- Task brief
Transcribe the following entries word for word. End with the line where "<i class='fa fa-user'></i> daan" appears.

============================================================

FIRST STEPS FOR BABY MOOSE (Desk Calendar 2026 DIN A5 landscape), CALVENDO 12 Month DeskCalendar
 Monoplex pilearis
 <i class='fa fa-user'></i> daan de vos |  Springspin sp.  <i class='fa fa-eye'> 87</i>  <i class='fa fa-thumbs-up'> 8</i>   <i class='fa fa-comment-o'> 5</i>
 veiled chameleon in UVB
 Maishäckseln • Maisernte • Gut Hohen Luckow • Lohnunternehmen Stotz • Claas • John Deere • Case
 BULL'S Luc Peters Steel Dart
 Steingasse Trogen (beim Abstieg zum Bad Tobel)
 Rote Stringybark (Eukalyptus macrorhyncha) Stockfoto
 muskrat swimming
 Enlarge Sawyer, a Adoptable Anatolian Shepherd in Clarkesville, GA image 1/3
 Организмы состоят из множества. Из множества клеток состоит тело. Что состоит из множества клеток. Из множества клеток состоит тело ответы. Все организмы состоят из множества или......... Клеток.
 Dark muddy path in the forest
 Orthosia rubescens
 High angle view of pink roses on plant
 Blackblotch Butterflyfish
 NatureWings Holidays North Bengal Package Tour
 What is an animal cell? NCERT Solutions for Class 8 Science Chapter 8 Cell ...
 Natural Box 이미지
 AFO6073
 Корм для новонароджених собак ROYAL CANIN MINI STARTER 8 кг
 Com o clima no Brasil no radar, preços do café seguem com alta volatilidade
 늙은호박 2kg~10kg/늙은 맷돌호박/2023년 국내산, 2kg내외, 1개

============================================================

- Exercise solution
FIRST STEPS FOR BABY MOOSE (Desk Calendar 2026 DIN A5 landscape), CALVENDO 12 Month DeskCalendar
 Monoplex pilearis
 <i class='fa fa-user'></i> daan de vos |  Springspin sp.  <i class='fa fa-eye'> 87</i>  <i class='fa fa-thumbs-up'> 8</i>   <i class='fa fa-comment-o'> 5</i>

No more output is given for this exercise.